Cap und Capper 2 ist ein weiterer Film, den man getrost als unnötig bezeichnen kann. Während das Original eine tiefgreifende, melancholische Geschichte über Freundschaft und gesellschaftliche Zwänge erzählt, ist der zweite Teil eine seichte Episode über eine Country-Band, der die Tiere beitreten. Es ist ein starker Kontrast, der den Ton des Originals fast schon respektlos ignoriert.

Tarzan und Jane wird oft sogar von eingefleischten Fans übersehen. Auch dieser Film ist im Grunde genommen eine Zusammenstellung von drei Episoden einer nicht realisierten Serie. Die Animationsqualität fällt hier im Vergleich zum hochwertigen Original massiv ab, was den Charme der Dschungelwelt im Keim erstickt.

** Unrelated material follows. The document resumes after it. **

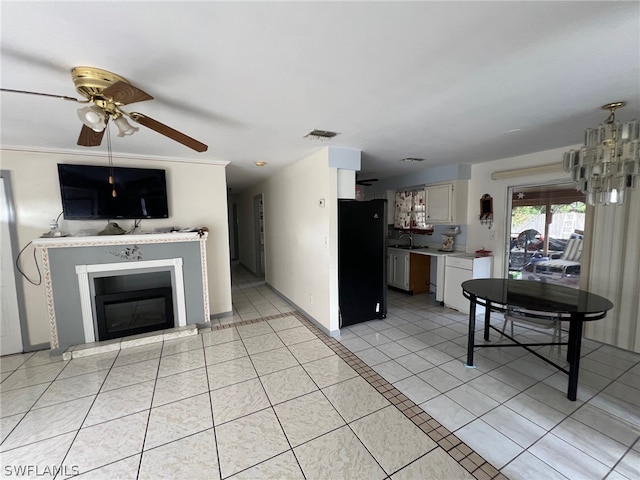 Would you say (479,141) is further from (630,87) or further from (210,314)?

Cinderella 2 – Träume werden wahr war der Versuch, das Aschenputtel-Thema in den Alltag zu überführen. Das Ergebnis ist eine lose Sammlung von Kurzgeschichten, die wenig mit dem märchenhaften Flair des Originals zu tun haben. Wer eine Fortsetzung des klassischen Märchens erwartete, wurde mit einem Episoden-Format konfrontiert, das eher an billiges Fernsehen erinnerte.

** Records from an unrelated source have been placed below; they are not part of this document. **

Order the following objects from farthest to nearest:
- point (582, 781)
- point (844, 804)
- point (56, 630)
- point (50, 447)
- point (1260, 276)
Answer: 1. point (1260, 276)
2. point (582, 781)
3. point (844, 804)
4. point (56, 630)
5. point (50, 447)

Ein ähnliches Schicksal ereilte Mulan 2. Hier wird die eigentlich starke und unabhängige Heldin in eine Romanze gezwungen, die sich gehetzt und wenig durchdacht anfühlt. Die philosophischen und historischen Aspekte des ersten Films weichen einem Standard-Plot, der kaum in Erinnerung bleibt.

Susi und Strolch 2: Kleine Strolche – Großes Abenteuer! fokussiert sich auf Strolchis Sohn, der den Drang verspürt, ein Straßenhund zu werden. Die Geschichte folgt exakt dem Muster des Vaters, bietet aber kaum neue Impulse. Ein solider, aber völlig austauschbarer Film, den man nach dem Anschauen sofort wieder vergisst.

Den Abschluss bildet Schöne und das Biest: Weihnachtszauber. Auch wenn dieser Film bei einigen aufgrund der weihnachtlichen Stimmung noch einen gewissen nostalgischen Bonus hat, kommt er nie an die Brillanz des ersten Teils heran. Das Biest als Weihnachts-Hasser darzustellen, wirkte in der Kontinuität des ersten Films eher erzwungen.Wenn man sich diese Liste ansieht, wird eines deutlich: Disney wollte damals einfach präsent bleiben, ohne das Risiko einzugehen, die großen Budgets für eine aufwendige Kinoproduktion zu opfern. Die „Direct-to-Video“-Ära war für das Unternehmen zwar wirtschaftlich lukrativ, aber aus kreativer Sicht ein schwieriges Kapitel. Diese Filme sind Zeitzeugen einer Epoche, in der Quantität kurzzeitig wichtiger war als die Qualität, die wir heute mit dem Namen Disney verbinden. Es ist daher kaum ein Wunder, dass sie heute eher als Fußnoten der Filmgeschichte existieren.